El primer requisito para ingresar en esta moderna cofradía, que marca tendencia y arrasa en las redes sociales, es saber de qué va el invento, del que todo el mundo habla y nadie da cuenta cierta. Por ello, sepan para empezar que este especimen es una de las manifestaciones más preclaras de la posmodernidad, esta dichosa edad en que todo fluye y nada permanece: las ideas, antes sólidas, se volatilizan; los productos se adquieren, no para poseerlos y disfrutarlos, sino para desecharlos y sustituirlos por otros cuyo principal valor no es la mayor calidad sino su condición novedosa.

En este orden de cosas, la importancia del individuo, plantea Umberto Eco, no deviene de sus valores y creaciones sino de la mera exposición al público, de la pública notoriedad que adquiere entre sus seguidores, en una mera actividad mostrativa y declarativa, que no produce nada pero lo enseña todo.

Ante esta situación, lo primero a tener en cuenta es que los miembros de esta sociedad evanescente tienden a clasificarse en dos bandos complementarios, los influencer y los influidos, seguidores de aquellos. A los influidos, que son la mayoría, conviene conocerlos para huir de ellos: de mollera blanda y escasa capacidad de juicio, dispuestos siempre a seguir los dictados de los que ven e imitar sus modas y tendencias sin ningún reparo.

Para incorporarse a la nómina de los millones de influencers que encantan y encandilan a muchos millones más, no hacen falta carreras, ni másteres, ni siquiera un mediano bagaje intelectual y cultural. Basta con extender y multiplicar tu imagen por el mundo todo, mediante continuas apariciones en los medios e innumerables fotos y vídeos desparramados por las redes sociales, exhibirse y hablar mucho con mensajes simples que no digan apenas nada, contando siempre con la mansedumbre de los potenciales seguidores, dispuestos siempre a admirar lo fácil, lo superficial o lo escandaloso y, en definitiva, a beber en la fuente de los engaños, de la que hablaba Gracián, para dejarse embaucar por el charlatán de turno, que les hará ver al estólido asno transmutado en águila de Júpiter o creer en el milagro de la multiplicación de las mantas de Ramonet.

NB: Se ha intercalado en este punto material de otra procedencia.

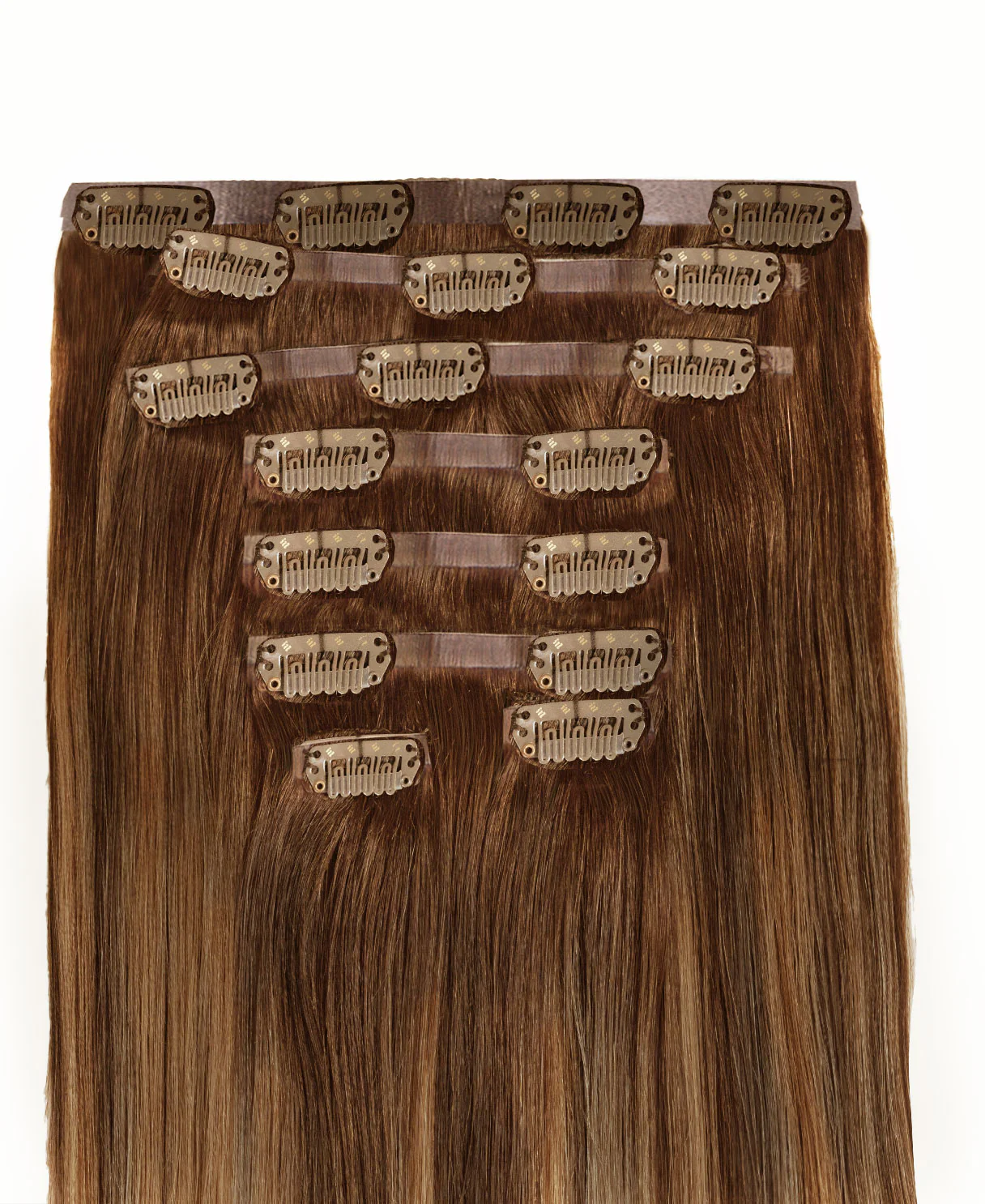 invisible clip-in hair extensions caramel balayage. - Image 3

Entre los influencers destaquemos a los grupos de tertulianos de la televisión basura, que mantienen a los teleadictos aherrojados de las orejas ante la pantalla, «hecha un gran corral del vulgo, enjambre de moscas en el zumbir y en el asentarse en la basura de las costumbres, engordando con lo podrido» como muy bien anticipaba Gracián, donde vociferan estos maestros de la grita y el vocerío, que exhiben sus propias miserias y las de otros de su misma altura, que no van más allá de la entrepierna, para filosofar largo y tendido sobre ellas.

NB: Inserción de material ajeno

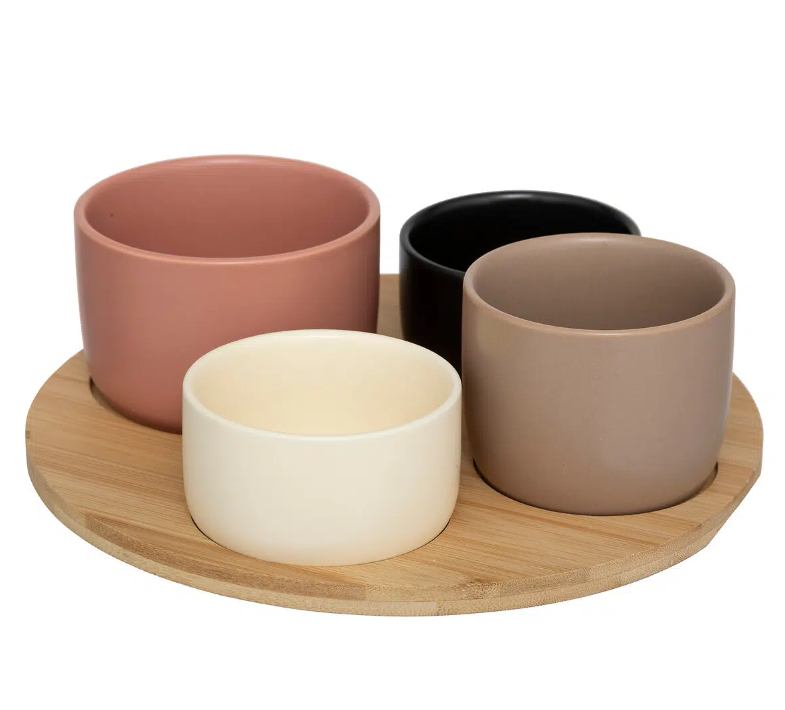 Set zdjelica za posluživanje Bliss 5/1 – keramika/bambus, 11 × 7 cm (razne boje)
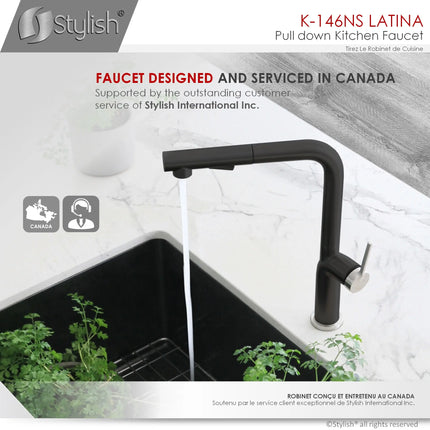 STYLISH Kitchen Sink Faucet Single Handle Pull Down Dual Mode Stainless Steel Matte Black with Silver Base and Handle Finish K-146NS - Plumbing Market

Y toda una caterva de youtubers y vloggeros individuales, poco amigos de la escritura, como los anteriores, que exhiben las veinticuatro horas de sus vidas en imágenes y comentarios de lo más profundo y entretenido, sobre todo para la grey juvenil, de su misma consistencia intelectual: moda, viajes, cocina, videojuegos, entretenimiento y otras mil desocupaciones y naderías, con las que engordan exprimiendo el voyeurismo y el afán consumista de sus seguidores, para los que no hay informaciones y saberes de más enjundia.